2023-09-15 12:53:18

by Daniel Gomez

[permalink] [raw]
Subject: [PATCH 1/6] filemap: make the folio order calculation shareable

To make the code that clamps the folio order in the __filemap_get_folio
routine reusable to others, move and merge it to the fgf_set_order
new subroutine (mapping_size_order), so when mapping the size at a
given index, the order calculated is already valid and ready to be
used when order is retrieved from fgp_flags with FGF_GET_ORDER.

Signed-off-by: Daniel Gomez <[email protected]>
---
fs/iomap/buffered-io.c | 6 ++++--
include/linux/pagemap.h | 42 ++++++++++++++++++++++++++++++++++++-----
mm/filemap.c | 8 --------
3 files changed, 41 insertions(+), 15 deletions(-)

diff --git a/fs/iomap/buffered-io.c b/fs/iomap/buffered-io.c
index ae8673ce08b1..bfd9a22a9464 100644
--- a/fs/iomap/buffered-io.c
+++ b/fs/iomap/buffered-io.c
@@ -546,12 +546,14 @@ EXPORT_SYMBOL_GPL(iomap_is_partially_uptodate);
struct folio *iomap_get_folio(struct iomap_iter *iter, loff_t pos, size_t len)
{
fgf_t fgp = FGP_WRITEBEGIN | FGP_NOFS;
+ pgoff_t index = pos >> PAGE_SHIFT;
+ struct address_space *mapping = iter->inode->i_mapping;

if (iter->flags & IOMAP_NOWAIT)
fgp |= FGP_NOWAIT;
- fgp |= fgf_set_order(len);
+ fgp |= fgf_set_order(mapping, index, len);

- return __filemap_get_folio(iter->inode->i_mapping, pos >> PAGE_SHIFT,
+ return __filemap_get_folio(mapping, index,
fgp, mapping_gfp_mask(iter->inode->i_mapping));
}
EXPORT_SYMBOL_GPL(iomap_get_folio);
diff --git a/include/linux/pagemap.h b/include/linux/pagemap.h
index 351c3b7f93a1..7af5636eb32a 100644
--- a/include/linux/pagemap.h
+++ b/include/linux/pagemap.h
@@ -576,6 +576,39 @@ typedef unsigned int __bitwise fgf_t;

#define FGP_WRITEBEGIN (FGP_LOCK | FGP_WRITE | FGP_CREAT | FGP_STABLE)

+/**
+ * mapping_size_order - Get maximum folio order for the given file size.
+ * @mapping: Target address_space.
+ * @index: The page index.
+ * @size: The suggested size of the folio to create.
+ *
+ * This returns a high order for folios (when supported) based on the file size
+ * which the mapping currently allows at the given index.

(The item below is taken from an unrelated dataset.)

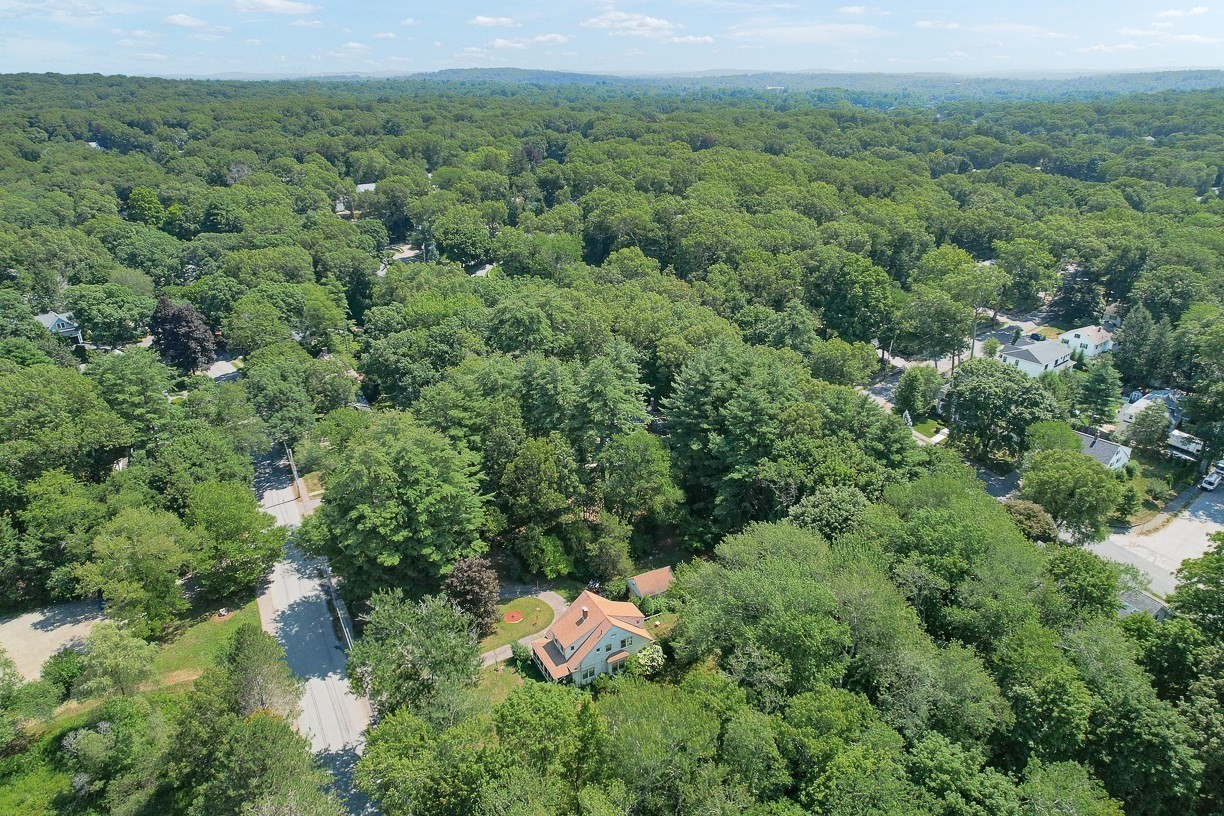 53 Elmwood Rd Property Photo 15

The index is relevant
+ * due to alignment considerations the mapping might have. The returned order
+ * may be less than the size passed.
+ *
+ * Return: The order.
+ */
+static inline unsigned int mapping_size_order(struct address_space *mapping,
+ pgoff_t index, size_t size)
+{
+ unsigned int order = ilog2(size);
+
+ if ((order <= PAGE_SHIFT) || (!mapping_large_folio_support(mapping)))
+ return 0;
+ else
+ order = order - PAGE_SHIFT;
+
+ /* If we're not aligned, allocate a smaller folio */
+ if (index & ((1UL << order) - 1))
+ order = __ffs(index);
+
+ order = min_t(size_t, order, MAX_PAGECACHE_ORDER);
+
+ /* Order-1 not supported due to THP dependency */
+ return (order == 1) ? 0 : order;
+}
+
/**
* fgf_set_order - Encode a length in the fgf_t flags.
* @size: The suggested size of the folio to create.
@@ -587,13 +620,12 @@ typedef unsigned int __bitwise fgf_t;
* due to alignment constraints, memory pressure, or the presence of
* other folios at nearby indices.
*/
-static inline fgf_t fgf_set_order(size_t size)
+static inline fgf_t fgf_set_order(struct address_space *mapping, pgoff_t index,
+ size_t size)
{
- unsigned int shift = ilog2(size);
+ unsigned int order = mapping_size_order(mapping, index, size);

- if (shift <= PAGE_SHIFT)
- return 0;
- return (__force fgf_t)((shift - PAGE_SHIFT) << 26);
+ return (__force fgf_t)(order << 26);
}

void *filemap_get_entry(struct address_space *mapping, pgoff_t index);
diff --git a/mm/filemap.c b/mm/filemap.c
index 582f5317ff71..e285fffa9bcf 100644
--- a/mm/filemap.c
+++ b/mm/filemap.c
@@ -1917,14 +1917,6 @@ struct folio *__filemap_get_folio(struct address_space *mapping, pgoff_t index,
if (WARN_ON_ONCE(!(fgp_flags & (FGP_LOCK | FGP_FOR_MMAP))))
fgp_flags |= FGP_LOCK;

- if (!mapping_large_folio_support(mapping))
- order = 0;
- if (order > MAX_PAGECACHE_ORDER)
- order = MAX_PAGECACHE_ORDER;
- /* If we're not aligned, allocate a smaller folio */
- if (index & ((1UL << order) - 1))
- order = __ffs(index);
-
do {
gfp_t alloc_gfp = gfp;

--
2.39.2


2023-09-15 17:58:30

by Matthew Wilcox

[permalink] [raw]
Subject: Re: [PATCH 1/6] filemap: make the folio order calculation shareable

On Fri, Sep 15, 2023 at 09:51:23AM +0000, Daniel Gomez wrote:
> To make the code that clamps the folio order in the __filemap_get_folio
> routine reusable to others, move and merge it to the fgf_set_order
> new subroutine (mapping_size_order), so when mapping the size at a
> given index, the order calculated is already valid and ready to be
> used when order is retrieved from fgp_flags with FGF_GET_ORDER.
>
> Signed-off-by: Daniel Gomez <[email protected]>
> ---
> fs/iomap/buffered-io.c | 6 ++++--
> include/linux/pagemap.h | 42 ++++++++++++++++++++++++++++++++++++-----
> mm/filemap.c | 8 --------
> 3 files changed, 41 insertions(+), 15 deletions(-)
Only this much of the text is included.